If you are running with Vert.x you can pass it your Vertx instance:
// Pool options
def options = [
port:5432,
host:"the-host",
database:"the-db",
user:"user",
password:"secret",
maxSize:5
]
// Create the pooled client
def client = PgClient.pool(vertx, options)
You need to release the pool when you don’t need it anymore:
// Close the pool and all the associated resources
pool.close()
When you need to execute several operations on the same connection, you need to use a client
connection
.
You can easily get one from the pool:
// Pool options
def options = [
port:5432,
host:"the-host",
database:"the-db",
user:"user",
password:"secret",
maxSize:5
]
// Create the pooled client
def client = PgClient.pool(vertx, options)
// Get a connection from the pool
client.getConnection({ ar1 ->
if (ar1.succeeded()) {
println("Connected")
// Obtain our connection
def conn = ar1.result()
// All operations execute on the same connection
conn.query("SELECT * FROM users WHERE id='julien'", { ar2 ->
if (ar2.succeeded()) {
conn.query("SELECT * FROM users WHERE id='emad'", { ar3 ->
// Release the connection to the pool
conn.close()
})
} else {
// Release the connection to the pool
conn.close()
}
})
} else {
println("Could not connect: ${ar1.cause().getMessage()}")
}
})
Once you are done with the connection you must close it to release it to the pool, so it can be reused.
Sometimes you want to improve performance via Unix domain socket connection, we achieve this with Vert.x Native transports.
Make sure you have added the required netty-transport-native
dependency in your classpath and enabled the Unix domain socket option.
// Pool Options
// Socket file name will be /var/run/postgresql/.s.PGSQL.5432
def options = [
host:"/var/run/postgresql",
port:5432,
database:"the-db"
]
// Create the pooled client
def client = PgClient.pool(options)
// Create the pooled client with a vertx instance
// Make sure the vertx instance has enabled native transports
def client2 = PgClient.pool(vertx, options)
More information can be found in the Vert.x documentation.
There are several options for you to configure the client.

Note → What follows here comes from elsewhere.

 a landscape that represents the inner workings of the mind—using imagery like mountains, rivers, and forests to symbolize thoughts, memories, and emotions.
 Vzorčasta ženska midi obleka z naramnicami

Apart from configuring with a PgPoolOptions
data object, We also provide you an alternative way to connect when you want to configure with a connection URI:
// Connection URI
def connectionUri = "postgresql://dbuser:secretpassword@database.server.com:3211/mydb"
// Create the pool from the connection URI
def pool = PgClient.pool(connectionUri)
// Create the connection from the connection URI
PgClient.connect(vertx, connectionUri, { res ->
// Handling your connection
})
More information about connection string formats can be found in the PostgreSQL Manuals.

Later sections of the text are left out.